JPMorgan Chase’s attempt at Twitter humor failed Monday morning.

What may have seemed like a lighthearted (and since-deleted) joke about its followers’ excessive spending habits was met with a stream of replies pointing out that perhaps a bank that received $12 billion in bailout money after the financial crisis, whose CEO’s salary is $31 million, and that has a history of mortgage fraud, should refrain from publicly lecturing its customers on their spending habits for coffee and lunch.

The reaction to the tweet is reflective of a political climate in which many Americans are concerned about economic inequality and particularly whether corporations are paying their fair share in taxes. Amazon paid no federal taxes in 2018. Neither did Delta Air Lines, Chevron or General Motors. Meanwhile, Amazon CEO Jeff Bezos’s net worth is $150 billion.

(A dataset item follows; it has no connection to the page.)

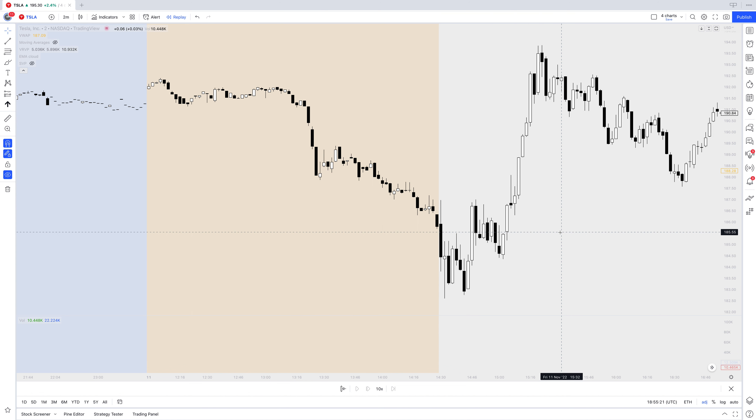Hey, what's up traders? Will here from CineStocks. Super, super short video. Just going to be trying to explain how and why I traded Tesla today and the exact reasons behind the trade, basically.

That’s a far cry from the $18,000-a-year salary of Colin Roberson of Akron, Ohio. Roberson, who cleans carpets for a living, compared his financial situation to Bezos’s, telling Stephanie Saul and Patricia Cohen of The New York Times that “[Bezos] could be taxed at 99.9 percent and still have millions left over. … I’d be homeless.”

The phenomenon of giant corporations getting tax breaks isn’t new. As Saul and Cohen report, “For decades, profitable companies have been able to avoid corporate taxes.” What has changed is the increase in companies able to do so. “The list of those paying zero roughly doubled last year,” Saul and Cohen continued, “as a result of provisions in President Trump’s 2017 tax bill that expanded corporate tax breaks and reduced the tax rate on corporate income.”

An April report from the Institute on Taxation and Economic Policy (ITEP) reveals how 60 profitable Fortune 500 companies managed to avoid paying taxes. As the report explains:

In 2018, 60 of America’s biggest corporations zeroed out their federal income taxes on $79 billion in U.S. pretax income. Instead of paying $16.4 billion in taxes at the 21 percent statutory corporate tax rate, these companies enjoyed a net corporate tax rebate of $4.3 billion.

“It’s a topic,” Saul and Cohen write, “that several presidential candidates, led by Senators Bernie Sanders and Elizabeth Warren, have hammered recently as they travel the campaign trail.”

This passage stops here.